Amazing how a new day can revive your faith. Despite yesterday’s let down, I woke up determined to try some more. Afterall, it was foolish of me to imagine that as soon as I’d put my brush on the paper I’ll get a beautiful masterpiece.
Main goal: Keep my palette from drying
I just loooove Youtube.
First of all, I went in search of solutions for the dried up paint. And I found them.
On YouTube look for videos on creating what is called a stay-wet palette.
You can buy a ready one, or make your own. I made my own, using various tips from videos.
Homemade Stay-wet palette
- A box with an airtight lid
- Preferably big so you have room for all your chosen colors
- Not too high so you can comfortably go in with the palette knife to mix the colors
- Line the bottom with kitchen paper towels (I used ones which feel more like fabric, in a double layer)
- Spritz them wet – thoroughly wet but not drenched – drip out any excess water.
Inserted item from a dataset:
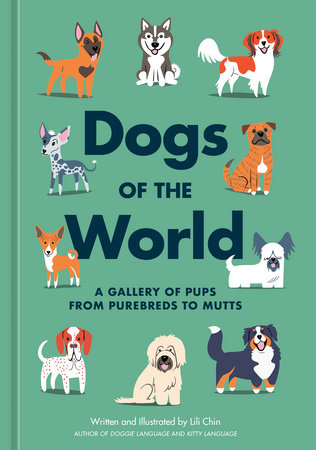 Dogs of the World by Lili Chin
- Cover with a double layer of cooking paper – the cooking paper absorbs some of the moistness, yet provides a surface which will not absorb the paint itself. my double layer got really wet and I managed to create a hole in it with the palette knife, so I guess it will need constant changing. I have tried using draft paper for it, which may be tougher and not tear as easily, but it crinkled up too much.
- Spritz the cooking paper as well.
- Dab your paints on
- Keep spritzing them once in a while as well.
- Whenever I pause for a few minutes, I put the lid back on.
I’ve kept a box of Ferrero Roches chocolates (Yum! All long gone) which fit the bill.
Once I got the palette issue sorted, I turned to painting. Since I was so let down the day before, I came up with the idea of combining watercolours with the acrylics, maybe it would make them behave in a more familiar way. I made 2 variations – one mostly watercolour with some acrylic (bluish), and another mostly acrylic with some watercolour (greenish). (In the photo marked WC for watercolour, AC for acrylic).
The mostly WC smeared when I wet it. And I still got the brush strokes showing. Trying to paint fine lines on (the yellow text) was still hard.
I have some Acrylic gesso I once bought at home (Yes, my local shop only holds 1 type of gesso, and I didn’t realize watercolours require their own type of gesso, but now it came in handy). I roughly gessoed some paper sheets – using a piece of cardboard – I like the rough effect, and you can just throw it away afterwards. The gesso can be mixed with color. Also, I made some rough background shapes with the palette knife. Mine came out ugly, but the potential is there. It’s really fun painting with the knife.
Since the gesso and the acrylics are opaque, I covered up used bits of paper, with watercolors on it. One cracked, I’m still not sure why.
… And I gave smooth gradients another shot. Turns out you need to dilute the paint with some water and then you can manipulate it much more easily. Also, I had better success when painting several layers one on top of the other (they dry in no time), rather than trying to get a wet-in-wet gradation like in WC.